Il y a encore six mois, j’étais totalement étranger à l’univers de Metal Gear Solid crée par Hideo Kojima. J’entendais de la bouche de beaucoup qu’il s’agissait d’un génie sans vraiment comprendre le pourquoi du comment. Enfin voilà, sur un coup de tête, je me suis acheté cinq jeux Metal Gear Solid en une semaine (les quatre premiers et Peace Walker). C’était un risque un peu con dans la mesure où si je n’appréciais pas le premier, j’allais me retrouver avec des suites à foison sans que je veuille y jouer (coucou God Of War dont le deuxième volet n’entrera sûrement jamais dans ma console).


Mais coup de bol, Metal Gear Solid premier du nom fût une jolie claque prise en pleine poire lors de l’été 2019. Des scénarios comme ça, j’en redemandais, mais ce n’est pas pour autant que je me suis jeté à corps perdu sur le deuxième volet. Bien au contraire, il fallait créer l’attente, jouer un peu à d’autres jeux avant de m’y lancer. Bref, six mois plus tard, je me lance dans le deuxième volet en sachant à peine ce qui m’attends.

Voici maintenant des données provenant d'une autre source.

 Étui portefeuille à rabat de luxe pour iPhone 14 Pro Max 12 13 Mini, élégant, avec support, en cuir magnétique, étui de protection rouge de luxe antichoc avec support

Car MGS 2, c’est probablement l’épisode dont on m’a le moins spoilé l’intrigue (avec le quatrième). C’est dire, je ne savais même pas qu’on jouait plus Raiden que Snake, je ne savais même pas que Raiden existait en fait. Résultat, quelle ne fût pas ma surprise en comprenant qu’il allait être le personnage principal de ce jeu. Sur le coup, ça m’avait un peu gavé. Comme beaucoup à l’époque, j’avais lancé le jeu pour Snake, pas pour un athlète blondinet en proie à ses névroses et bavardant à tout bout de champ avec sa copine par Codec.


Mais une fois la pilule avalée, il fallait quand même se rendre à l’évidence. MGS 2 est une putain de tuerie. Alors que je considérais le premier comme un chef d’œuvre, ce second volet me force à le revoir à la baisse tant celui-ci est meilleur en tout point. C’est simple, tout ce que j’aimais dans Metal Gear Solid sur PS1 se retrouve amélioré.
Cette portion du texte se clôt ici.